Crawled caption data:
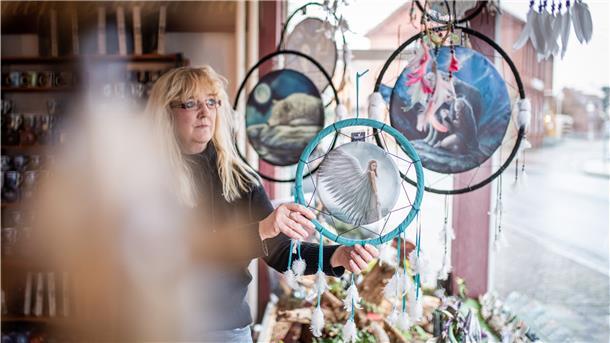In ihrer Hexenwerkstatt in Beverstedt bietet Anja Müller neben Ölen, Kerzen und Rauchmischungen auch Workshops für jedermann an.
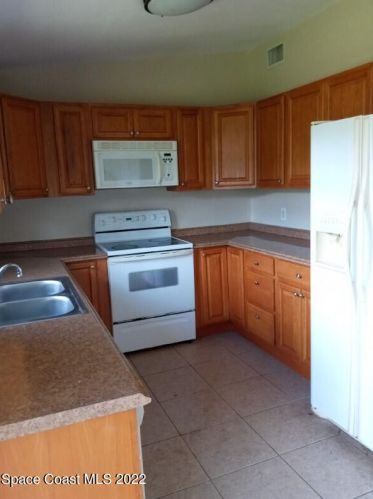 1204 Park Ave, Titusville, FL 32780-3912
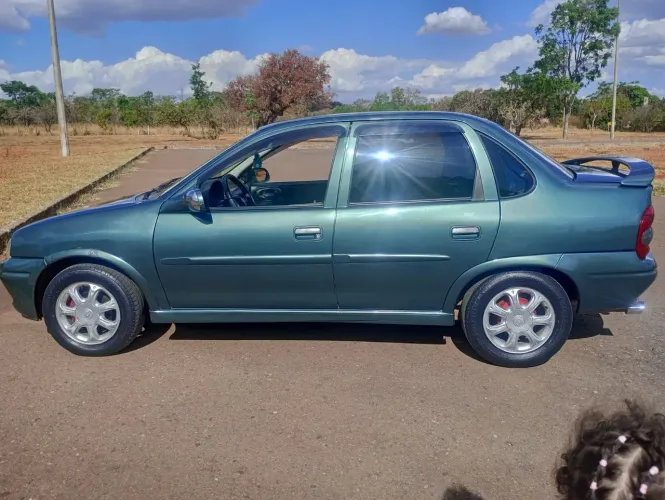 Chevrolet Corsa Sedan GLS 1.6 MPFI 4P 1999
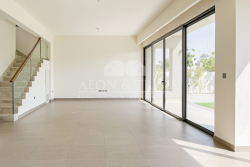 EXCLUSIVE | Landscaped | Close to Park |Single Row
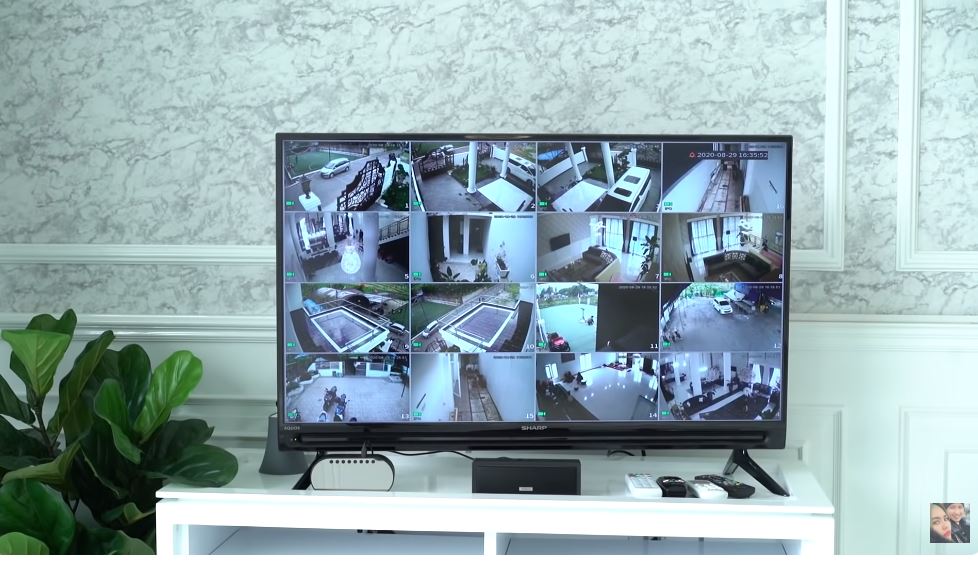 potret kamar kartika putri © YouTube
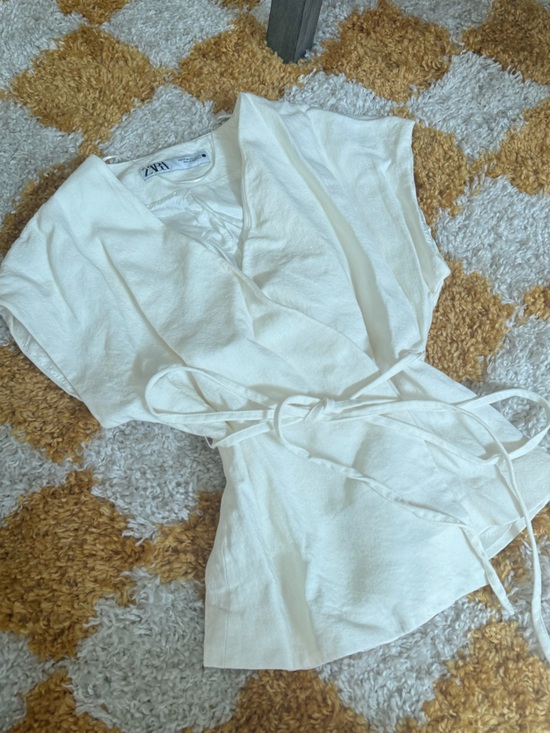 Zara Tops - ZARA Linen Cream Wrap Top with Waist Tie XS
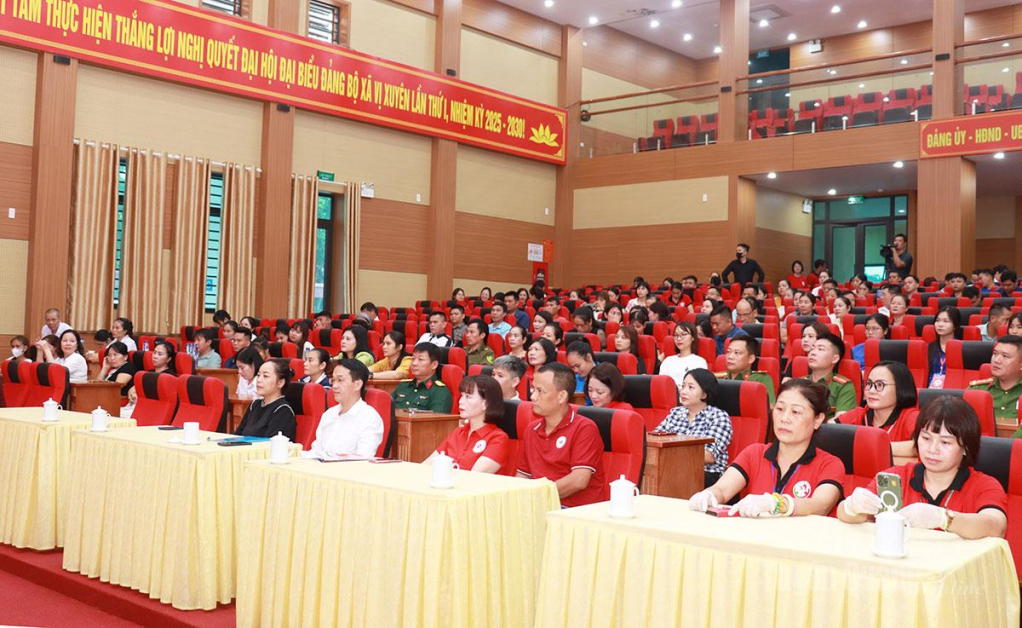 Các đại biểu dự chương trình.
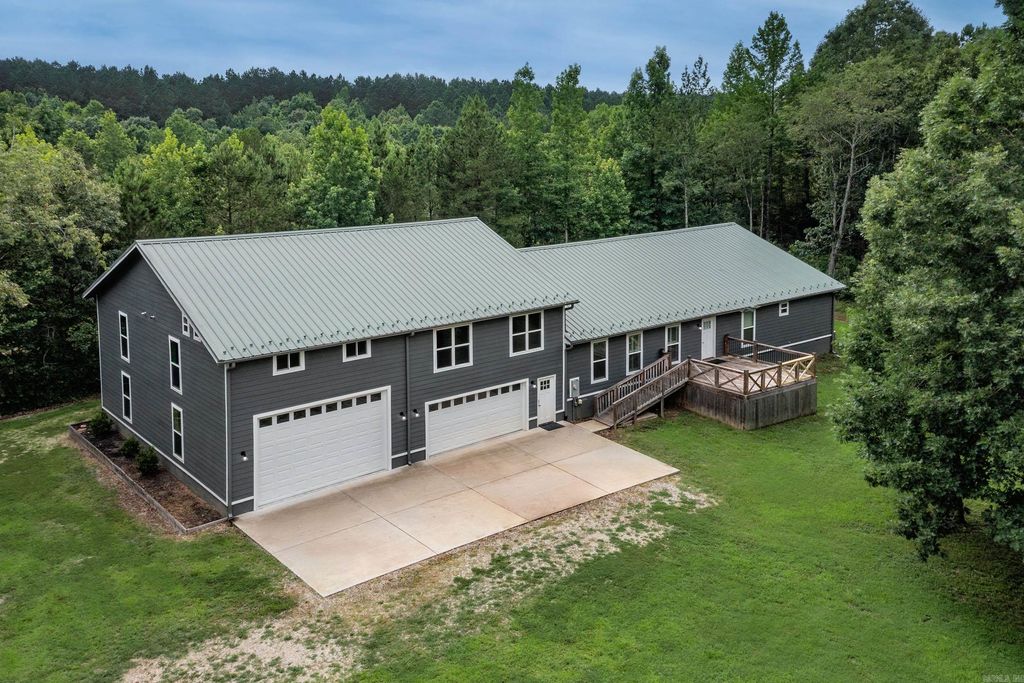 8635 Sparks Road, Little Rock, AR 72210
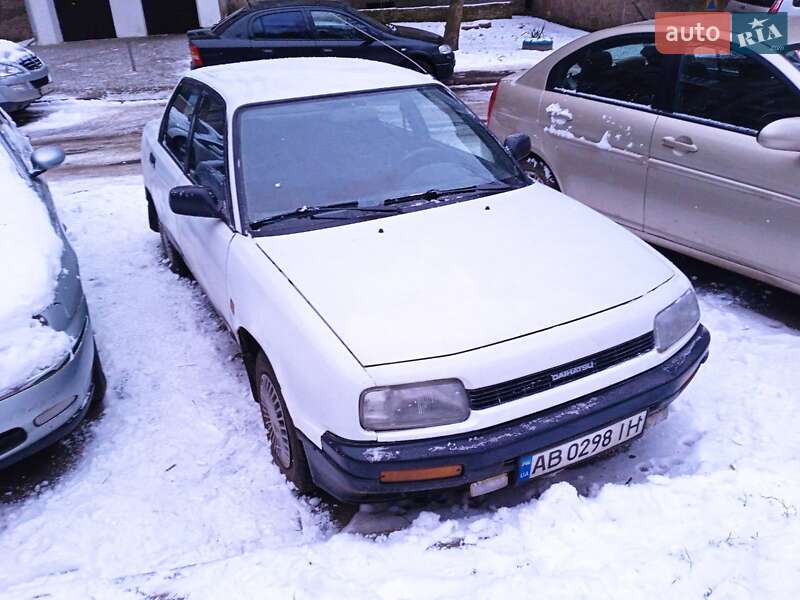 Седан Daihatsu Applause 1991 в Шептицькому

BRIEF: Set down word for word every line from the line containing "potret kamar kartika putri © YouTube" through the last line of the entries, and nothing more; no pictures.

EXERCISE RESULT:
 potret kamar kartika putri © YouTube
 Zara Tops - ZARA Linen Cream Wrap Top with Waist Tie XS
 Các đại biểu dự chương trình.
 8635 Sparks Road, Little Rock, AR 72210
 Седан Daihatsu Applause 1991 в Шептицькому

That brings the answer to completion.